Start of DATA SECTION

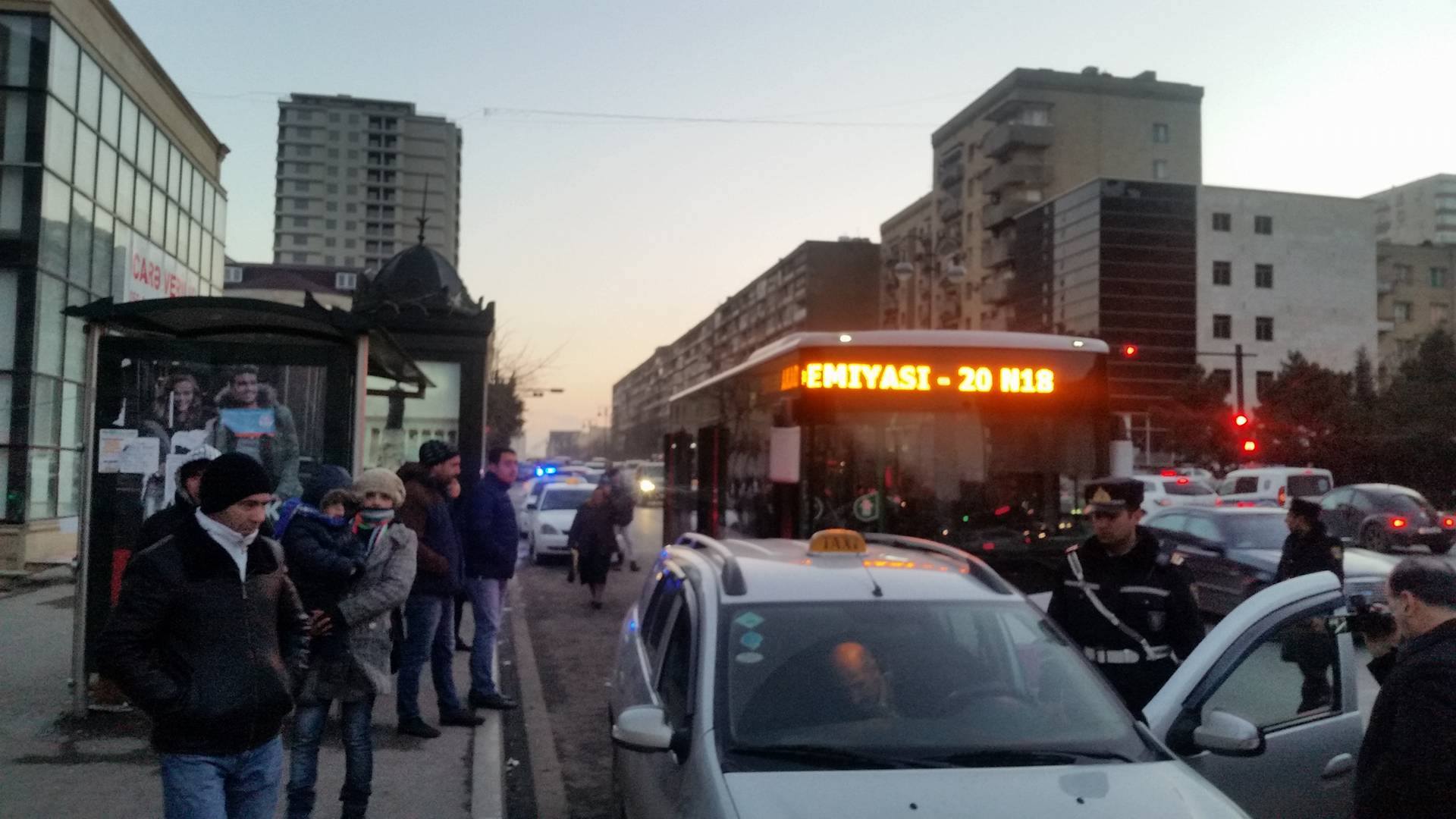 Bakının bitib-tükənməyən avtobus-taksi dərdi – Reyddən FOTOLAR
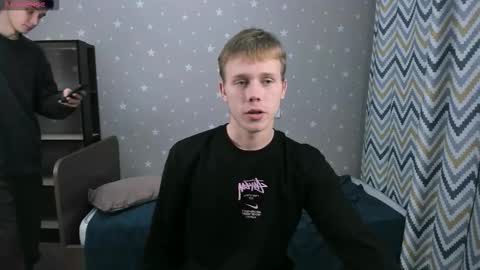 Snapshot of twelveeek chatting on November 7, 2025, 5:35 pm Angus online show from November 7, 2025, 5:35 pm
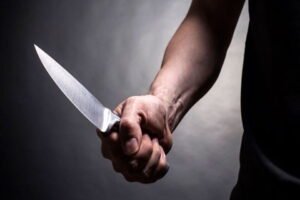 dois-homens-armados-com-facas-atentam-contra-vida-de-uma-pessoa-em-afogados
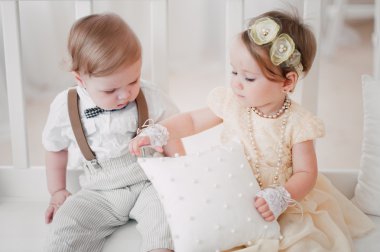 iki düğün - bebekler evlat ve kız gelin ve damat giyinmiş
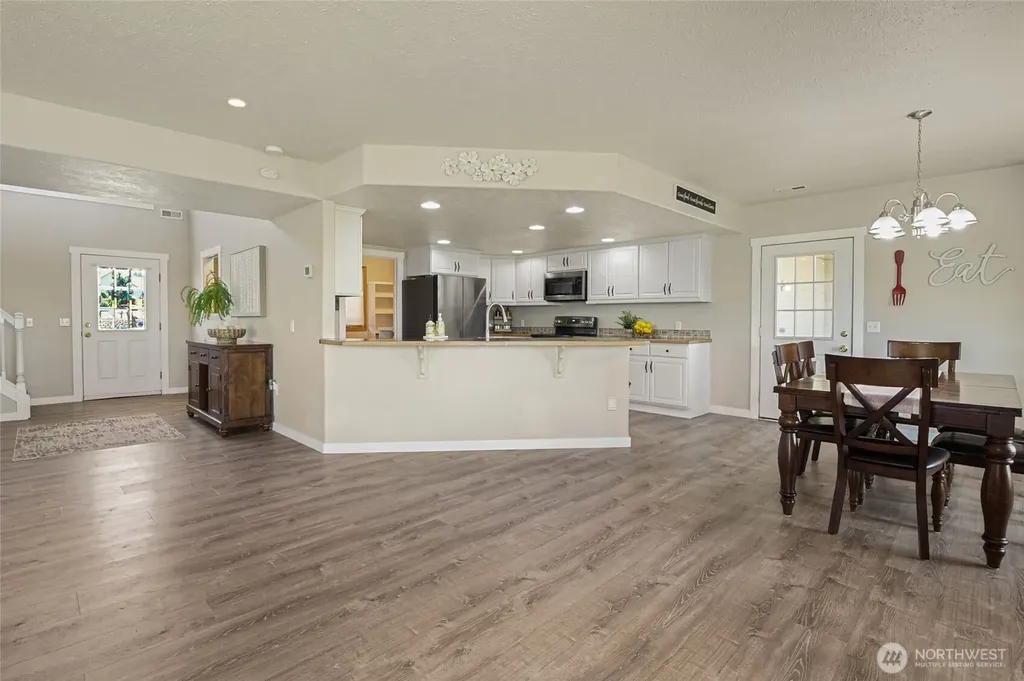 5621 Road J.4 NE Moses Lake WA 98837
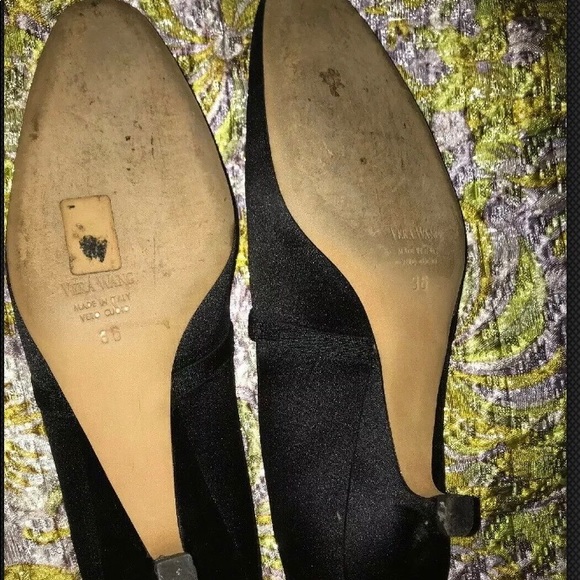 Vera Wang kitten heels - Picture 4 of 4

End of DATA SECTION

PROMPT: All lines from the one containing "iki düğün - bebekler" through the end of the data are to be restated exactly, with nothing else and without the pictures.

OUTPUT FOR THIS TASK:
 iki düğün - bebekler evlat ve kız gelin ve damat giyinmiş
 5621 Road J.4 NE Moses Lake WA 98837
 Vera Wang kitten heels - Picture 4 of 4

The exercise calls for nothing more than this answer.